Please send me a PM with your phone or account number so I can assist you with some troubleshooting. Thank you!


----------



## scooter_x (Apr 30, 2012)

Raymond,

I am all set. The display mode was getting set to zoom on the TV and had nothing to do with the hopper unit.


----------



## [email protected] Network (Jul 21, 2011)

I'm glad you were able to get this worked out! If you need assistance with anything else please let me know.


----------



## Sportsman (May 28, 2012)

I've been having the same problem from day one and it's not the TV that I can tell. Problem only occurs after Hopper goes to sleep over night.

In morning, one of two things occurs (sometimes both). 
1. Image is always larger than TV screen
2. Sometimes setting changed from zoom to normal.

Temporary solution I've used is toggling resolution between 720p and 1080i in Hopper Menu.

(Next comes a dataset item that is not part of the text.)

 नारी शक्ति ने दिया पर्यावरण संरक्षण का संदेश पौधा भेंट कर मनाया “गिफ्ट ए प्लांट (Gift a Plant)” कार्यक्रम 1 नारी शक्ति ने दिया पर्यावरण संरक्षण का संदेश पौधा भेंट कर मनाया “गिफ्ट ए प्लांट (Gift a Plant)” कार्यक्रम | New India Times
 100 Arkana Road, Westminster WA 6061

I'm using a Pioneer AVR and have a 720p Pioneer Plasma. I've changed the order of boot-up and everything else to no avail.


----------



## tcatdbs (Jul 10, 2008)

I've also noticed that all the logos in the guide are cut-off at the left. I have to go into adjust screen size by two "-" clicks to get them to show up. Definitely zoomed out more than it should be in normal mode. New Panny 60st50, so not sure if it's the Hopper or the TV, I'm thinking Hopper since DVDs look normal.


----------



## [email protected] Network (Jul 21, 2011)

Sportsman said:


> I've been having the same problem from day one and it's not the TV that I can tell. Problem only occurs after Hopper goes to sleep over night.
> 
> In morning, one of two things occurs (sometimes both).
> 1. Image is always larger than TV screen
> ...


Is the Hopper connected directly to the TV using an HDMI cable?


----------